■ Assigned task ■
Further down are entries; set down exactly and only the lines from the one with "wahlw. mit E-Geräten" up to and including the one with "Tombstone - David", dropping each picture.

Collection entries
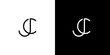 © Rusly - Simple and modern letter JC initials logo design 2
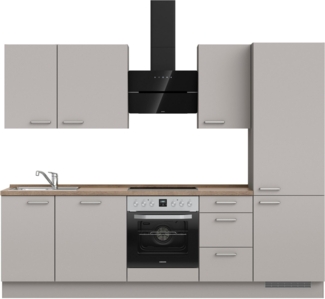 nobilia® Küchenzeile "Touch II", vormontiert, Ausrichtung wählbar, Breite 270 cm, wahlw. mit E-Geräten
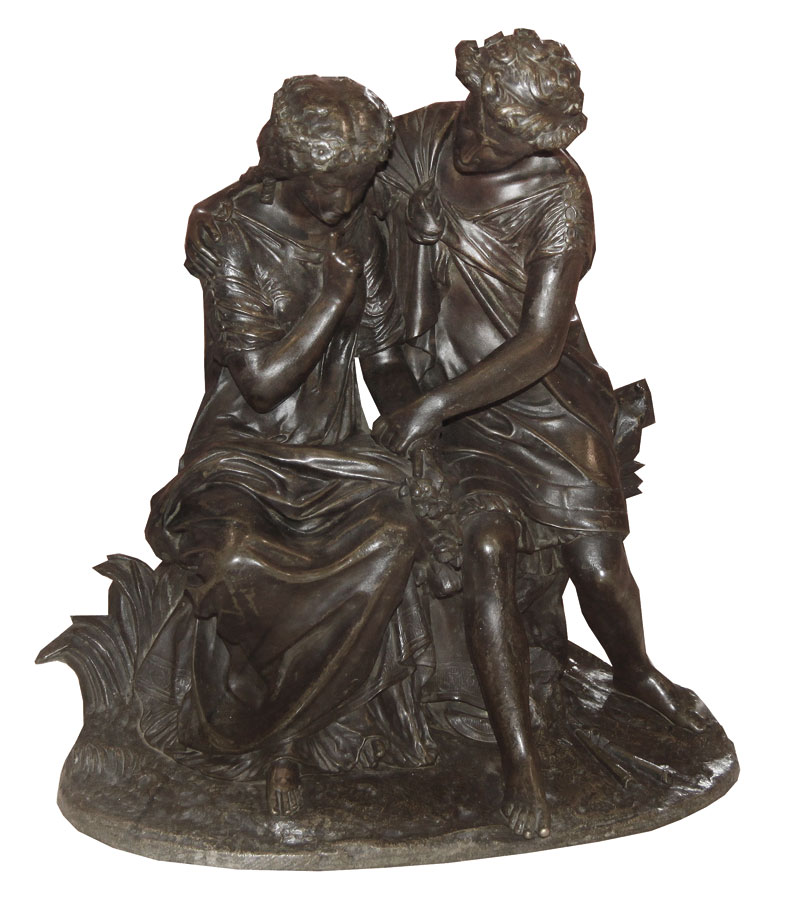 Couple in love in the garden.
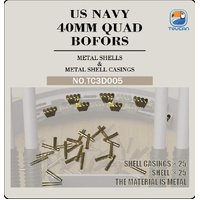 Toucan 1/35 METAL SHELLS & METAL SHELL CASINGS Plastic Model Kit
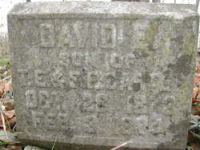 Tombstone - David E. Carter, son of T.E. Carter
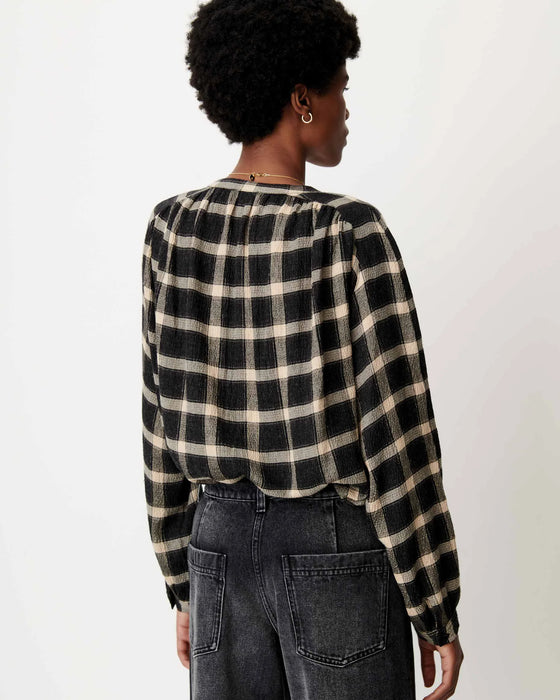 Nicolas Gathered Blouse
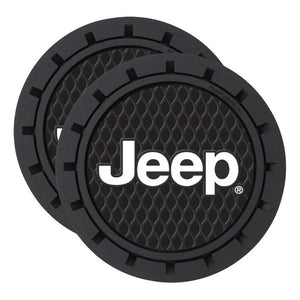 Jeep 2-Piece Auto Coaster Set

■ Result below ■
 nobilia® Küchenzeile "Touch II", vormontiert, Ausrichtung wählbar, Breite 270 cm, wahlw. mit E-Geräten
 Couple in love in the garden.
 Toucan 1/35 METAL SHELLS & METAL SHELL CASINGS Plastic Model Kit
 Tombstone - David E. Carter, son of T.E. Carter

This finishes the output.